Watch your step: Researchers help seniors stay on their feet
According to Statistics Canada, approximately one-third of adults over 65 fall each year and 60 per cent of injuries in those over 65 are fall related. Most of these falls occur in the home. Memorial University’s School of Human Kinetics and Recreation (HKR) is hoping to change those statistics.
Dr. Jeannette Byrne started in Holyrood with a fall prevention program; a balance-based exercise program for seniors. A few months back Mary noticed an advertisement in the Holyrood town flyer about the program so she signed up.
“I didn’t really know what it was when I saw it advertised, but I do whatever I can to stay active for my health and well-being.” The program was part of a research project Fall Prevention in Community Dwelling Seniors: A Quantitative and Qualitative Study.
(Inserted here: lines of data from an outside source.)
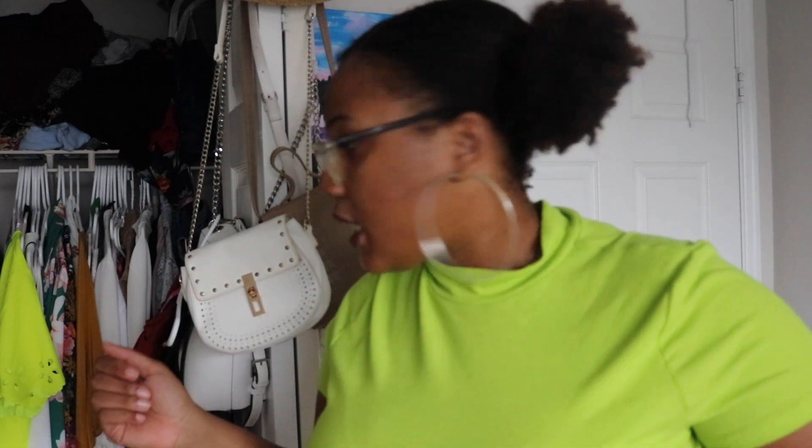I haven't worn that top yet, but I don't know when I want to wear it. My birthday is coming up — my birthday is actually on the 22nd, so it will be next Saturday. Maybe that week while I'm going to work I'm going to just be extra because it's my birthday.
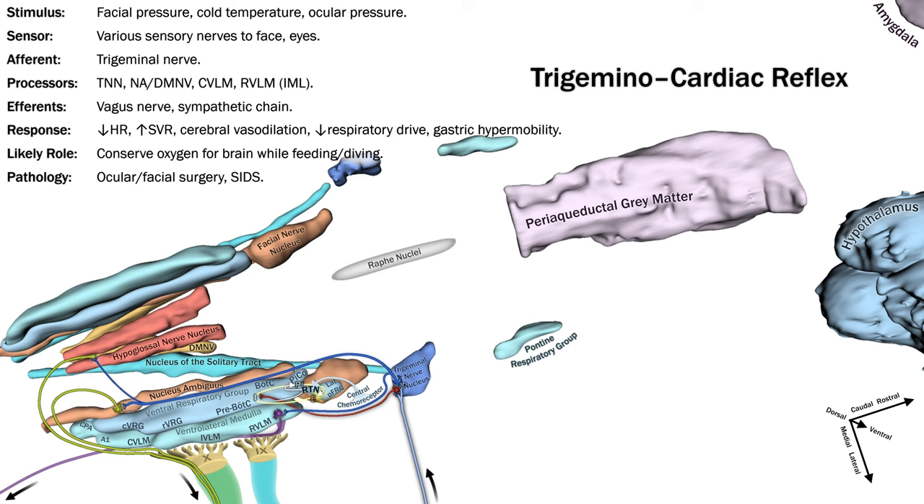Another cranial nerve cardiac reflex involves the vestibular system and regulation of hemodynamics with changes in posture, in combination with baroreceptor reflexes. There are also somatosympathetic reflexes at both spinal and medullary levels, and integrated neural responses to exercise and sleep, which are less directly clinically relevant.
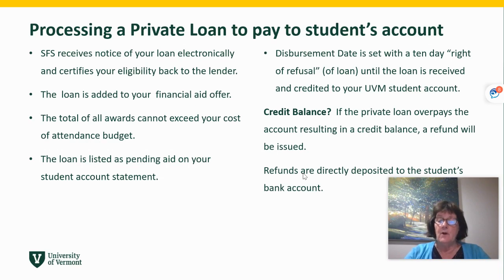The total of all your financial aid cannot exceed the cost of attendance budget, which includes all your expenses as a student for the year. Once the loan is certified by UVM and sent back to the lender, that loan is then listed as pending aid on your student account statement to help clear your bill, and a disbursement date is set to pay that loan with a 10-day right of refusal. This gives you the opportunity to decide if you really do wish to borrow this loan before it is electronically paid to UVM and applied to your student account.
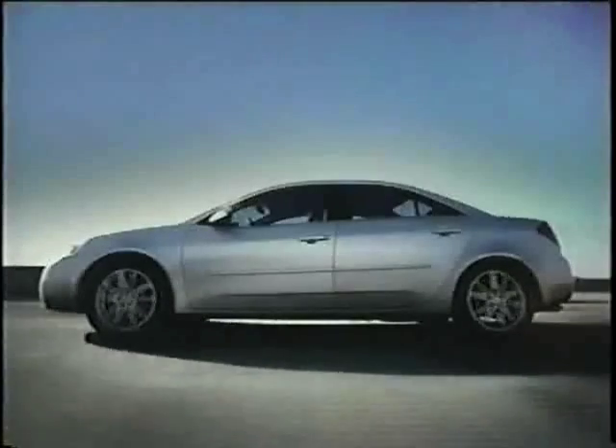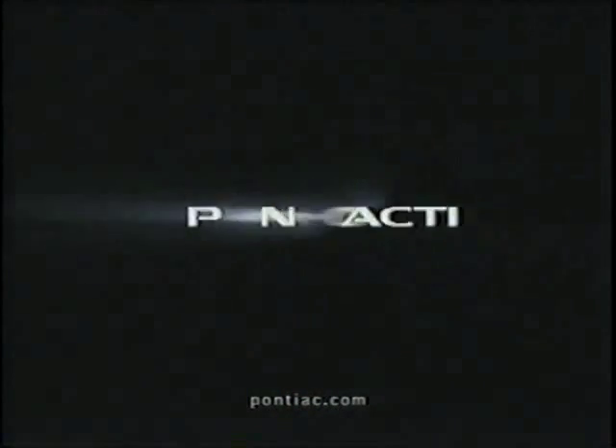It's the first ever Pontiac G6. See your Pontiac dealer today.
Dr. Byrne and masters student Megan Cummings ran two groups: One which received balance-based exercises and an information session and a second group which received only the information session. To make recommendations for future programs, they wanted to know if the intervention program affected how confident they felt and whether there were balance improvements.
With funding from the Newfoundland and Labrador Healthy Aging Research Program (NLHARP), which is administered by Newfoundland and Labrador Centre for Applied Health Research, the exercise-based group met twice a week for ten weeks. They performed exercises and activities to challenge their balance. During the program there was also information on fall prevention, how to reduce the risk and what to do after a fall. According to Mary, simple advice such as proper footwear around the house and getting rid of mats was very useful.
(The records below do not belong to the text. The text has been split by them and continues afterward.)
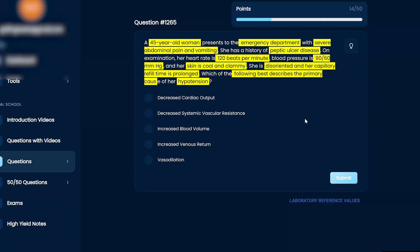Cool and clammy tells me it is shock. Her high heart rate and low blood pressure also tells me it's shock. The fact that she's having severe abdominal pain and vomiting is also relevant. I would go through the answer choices — decreased cardiac output relates to the heart. I'm not 100% sure straight off the bat. What's your gut say when you read it? Let's pick something first.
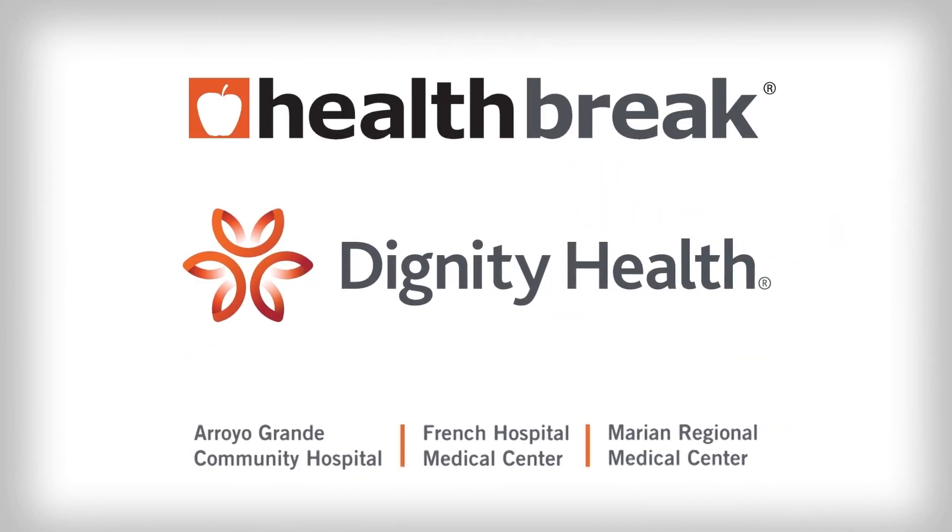I'm Kristen Presall. Health Break was sponsored by Dignity Health Central Coast.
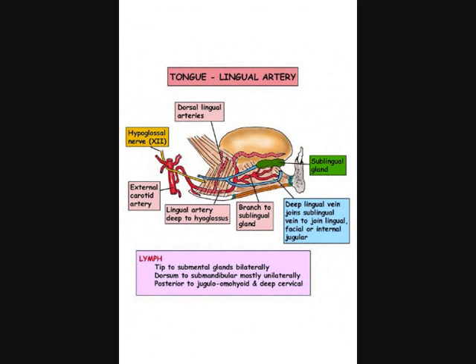The tongue is supplied by the lingual artery. This is a branch of the external carotid that passes deep to hyoglossus to reach the tongue. As far as lymph drainage is concerned, the tip drains to the submental glands on both sides, whereas the dorsum goes unilaterally to the submandibular glands. In the posterior part of the tongue, drainage is down to the jugulo-omohioid and deep cervical groups.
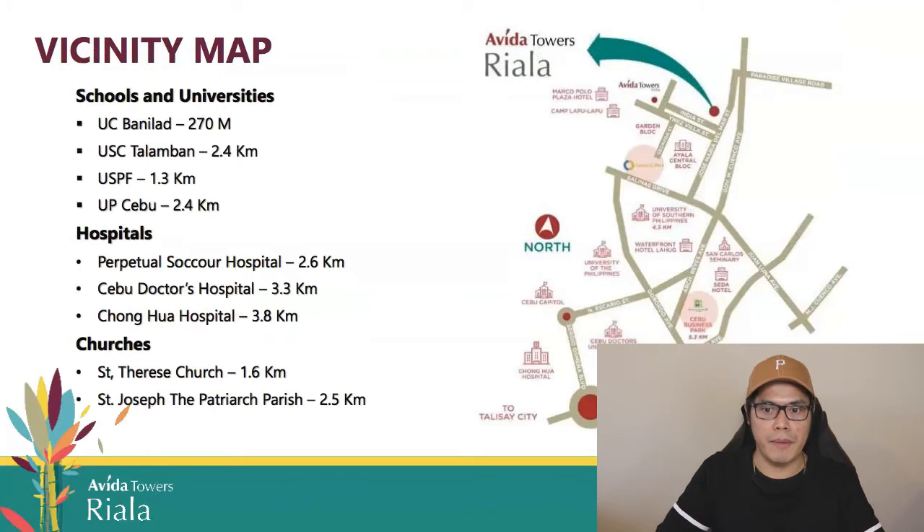Looking at the vicinity map, Abida Towers Riala is surrounded by key establishments. For schools and universities: UC Banilad is 270 meters away, USC Talamban is 2.4 kilometers, USPF is 1.3 kilometers, and UP Cebu is 2.4 kilometers. For hospitals: Perpetual Succor Hospital is 2.6 kilometers, Cebu Doctors' Hospital is 3.3 kilometers, and Chong Hua Hospital is 3.8 kilometers. Churches nearby include St. Therese Church at 1.6 kilometers and St. Joseph the Patriarch Parish at 2.5 kilometers.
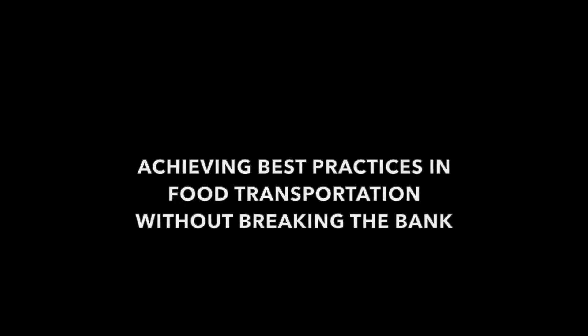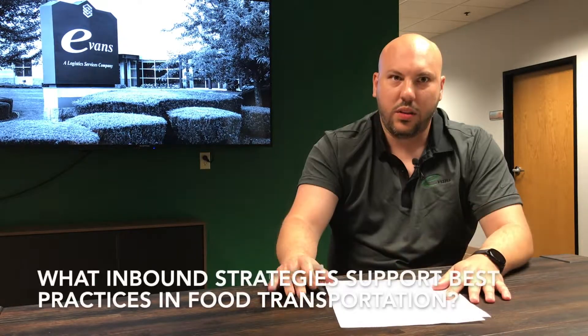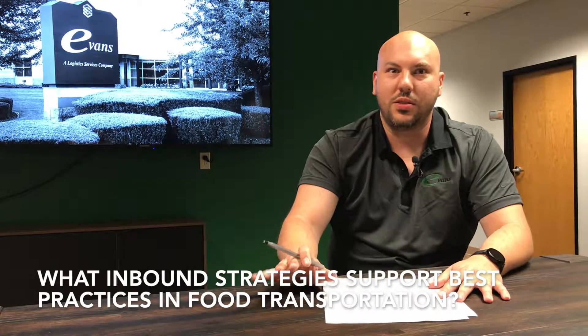I'm Charles Miller, GM at Evans Transportation. It's a balance to achieve best practices in transportation without breaking the bank. One of the ways that is usually untapped by a lot of customers is their inbound shipping. Most of their inbound, if they don't control it, is going to be prepay and add from their supplier.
“Balance is very important as we age and our muscles get weaker,” said Rebecca Lau, a student who worked on the project. “Statistics show that as we age we are at greater risk for falling due to a number of factors such as vision, hearing, medications, home-hazards, etc. Hopefully, the results of this study will show how important these interventions are and how seniors can benefit from these programs.”
For Mary, it means that when winter ice hits, she will have a lot more confidence. “I feel safer and I’ve learned a lot. I’m more relaxed now and not as scared of falling.”
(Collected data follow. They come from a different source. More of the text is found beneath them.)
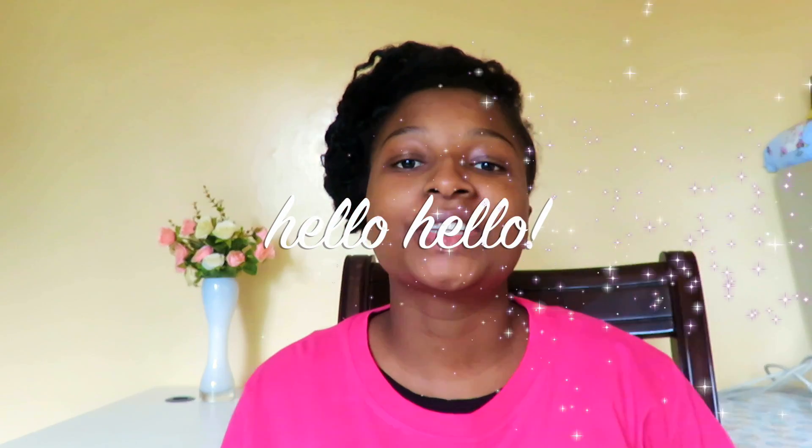Hi everybody, welcome to my channel. If you're new here, welcome! My name is Naema and I'd really love for you to subscribe to my channel. I go by the name The Modest Natural on all social media, so if you want to find me, especially on Instagram or Facebook, you'll find me using the name at The Modest Natural.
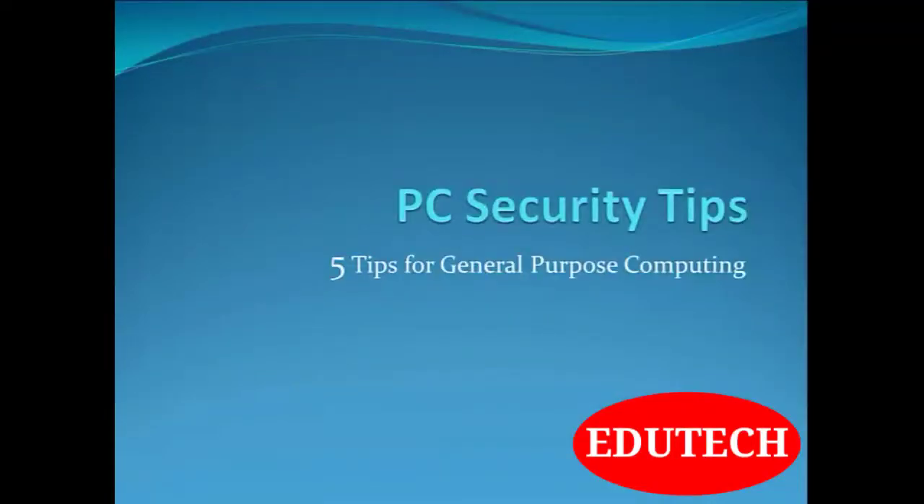Welcome friends. In this tutorial, we will be learning about PC security tips — 5 tips for general purpose computing.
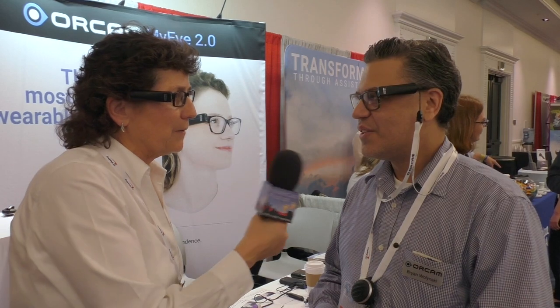It's got a micro USB for charging and it also connects up to Wi-Fi for updates, so updates are automatically pushed forward. That's a great feature. If people want to find out more about OrCam 2.0, they go to orcam.com. Thank you very much, Brian. Thank you.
Dr. Byrne, along with Dr. Angela Loucks-Atkinson along with Sherry Kennedy, a regional health educator with Eastern Health, also hosted a community event in February, Watch your step: Staying active and on your feet as you age. The interactive session was meant to not only inform but start conversations and answer questions around falls and to help empower seniors to stay on their own two feet.
“A lot of seniors don’t realize how changing a few things around their home will go a long way towards preventing a fall,” notes Dr. Byrne. “Many also don’t realize that even though there is a high rate of falls with seniors, it is not a natural part of aging. There are so many things they can do to prevent it.”
Funding for this event came from the Royal Society of Canada’s Open Academy. The researchers are planning another event is planned for the fall.